## What to work on
Within the entries below, find the portion that opens with the line containing "Pond of Olympic" and closes with the line containing "Yacht Photos Pics". Retype that portion exactly and only.

## Stored data
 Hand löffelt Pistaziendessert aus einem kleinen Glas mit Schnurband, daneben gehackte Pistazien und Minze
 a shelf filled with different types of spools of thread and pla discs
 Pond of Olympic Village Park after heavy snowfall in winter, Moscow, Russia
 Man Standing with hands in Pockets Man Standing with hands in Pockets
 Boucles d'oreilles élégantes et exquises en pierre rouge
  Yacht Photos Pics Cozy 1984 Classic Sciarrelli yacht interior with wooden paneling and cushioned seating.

---

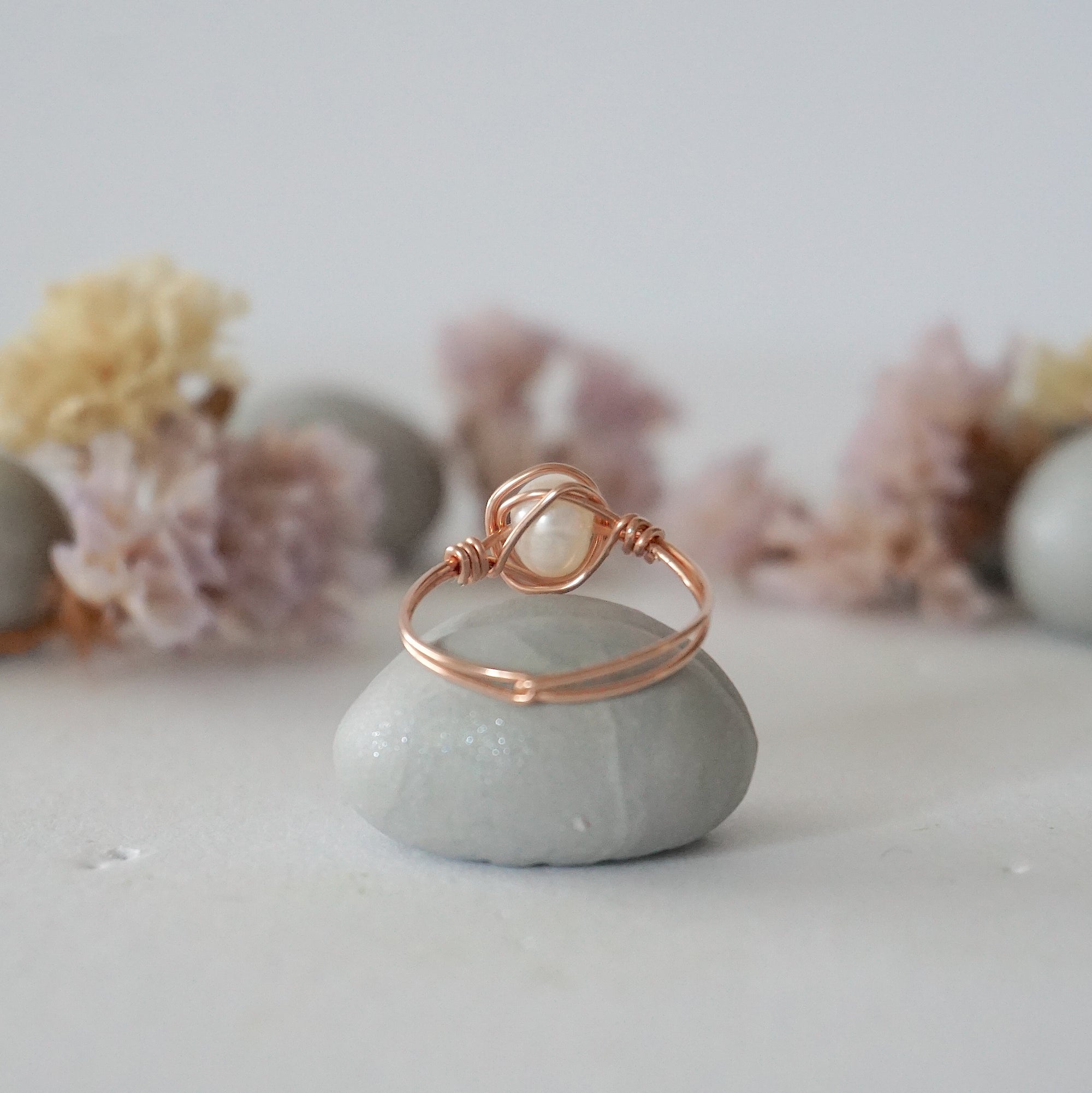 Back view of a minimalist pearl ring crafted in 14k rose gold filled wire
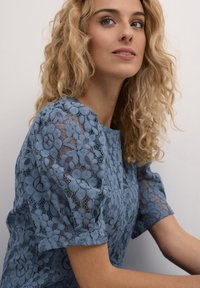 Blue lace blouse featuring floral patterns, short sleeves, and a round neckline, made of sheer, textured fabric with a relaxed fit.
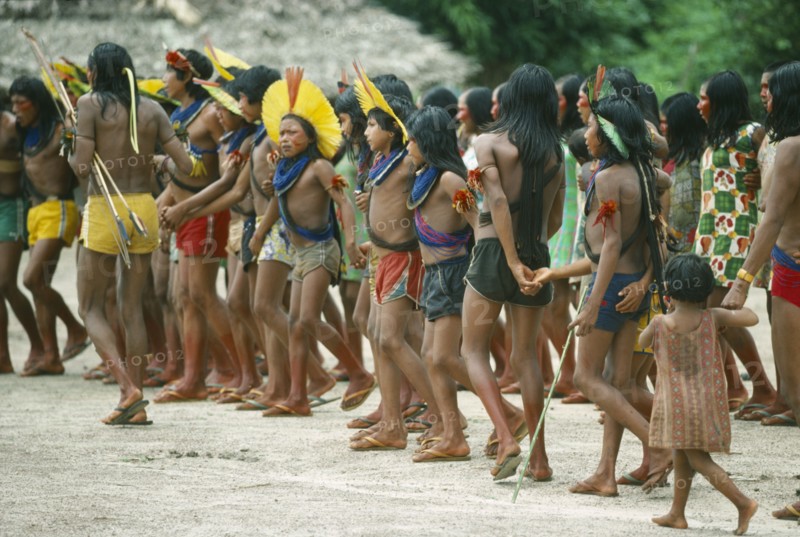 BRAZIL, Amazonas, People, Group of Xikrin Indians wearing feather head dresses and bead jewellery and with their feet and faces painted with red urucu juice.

## Answer to the exercise
 Pond of Olympic Village Park after heavy snowfall in winter, Moscow, Russia
 Man Standing with hands in Pockets Man Standing with hands in Pockets
 Boucles d'oreilles élégantes et exquises en pierre rouge
  Yacht Photos Pics Cozy 1984 Classic Sciarrelli yacht interior with wooden paneling and cushioned seating.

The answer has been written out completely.